North Korea releases two Malaysians stranded by travel ban
A TV screen shows a picture of Kim Jong Nam, the older brother of North Korean leader Kim Jong Un, at the railway station in Seoul, South Korea on Tuesday, Feb. 14, 2017. (AP / Ahn Young-joon)
KUALA LUMPUR, Malaysia -- Two Malaysian employees of the UN's World Food Program who were stranded in North Korea because of a travel ban have left the country, the UN said Thursday. Nine other Malaysians are believed to still be stuck there after the two countries' diplomatic relations broke down over the killing of the estranged sibling of North Korea's leader.
The UN employees were among hundreds of ordinary citizens caught up in the escalating diplomatic battle.
The two arrived in Beijing on Thursday, said Jane Howard, the WFP coordinator for global issues. "The staff members are international civil servants and not representatives of their national government," she said.
When North Korea issued its travel ban earlier this week, Malaysia responded in kind, barring North Koreans from leaving its soil.
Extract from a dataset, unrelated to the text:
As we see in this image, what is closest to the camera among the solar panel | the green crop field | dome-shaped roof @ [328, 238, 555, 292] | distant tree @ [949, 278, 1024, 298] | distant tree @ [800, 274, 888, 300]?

The nine Malaysians still believed to be there are three embassy workers and their family members.
About 1,000 North Koreans are believed to be in Malaysia, until recently one of the few countries where North Koreans could travel without a visa.
Malaysian Prime Minister Najib Razak said the government was "in the process of establishing the reasons and motives" behind North Korea's drastic measure. He reiterated that diplomatic relations will not be severed to keep the communication line open for negotiations.
Najib said he spoke on the phone to Mohamad Nur Azrin, the counselor at the Malaysian Embassy in North Korea, who told him that all Malaysians there are safe.
"I have given him my assurance that the government will do everything we can to ensure that they return home safely soon. The whole of Malaysia is praying for them," Najib said in a statement on Facebook. "The government will continue to work on reaching the best solution on this issue."
Malaysia has never directly blamed North Korea for the killing of Kim Jong Nam at the Kuala Lumpur airport Feb. 13.
In an attack caught on security camera footage, two women approached Kim as he waited for a flight and wiped something on his face. Malaysian authorities say the substance was VX nerve agent and the two attackers were recruited by a team of North Koreans. North Korea has denied any responsibility and accused Malaysia of being swayed by the North's enemies.
The women, a Vietnamese and an Indonesian, have been arrested and charged with murder. They say they were duped into thinking they were taking part in a harmless prank.
On Thursday, dozens of Indonesian workers and activists protested the murder charge against the Indonesian suspect, Siti Aisyah, outside the Malaysian embassy in Indonesia's capital, Jakarta.
Men and women from a trade union and several Islamic groups called on the Indonesian government and the international community to investigate the killing of Kim Jong Nam and work to free Aisyah.
One of the speakers at the protest told the crowd it was impossible that a naive migrant worker such as Aisyah could be knowingly involved in the murder. Protesters waved green flags and held up banners such that read "Save Siti Aisyah" and "Siti Aisyah is only a victim of political conspiracy interests."
AP writer Niniek Karmini in Jakarta contributed to this report.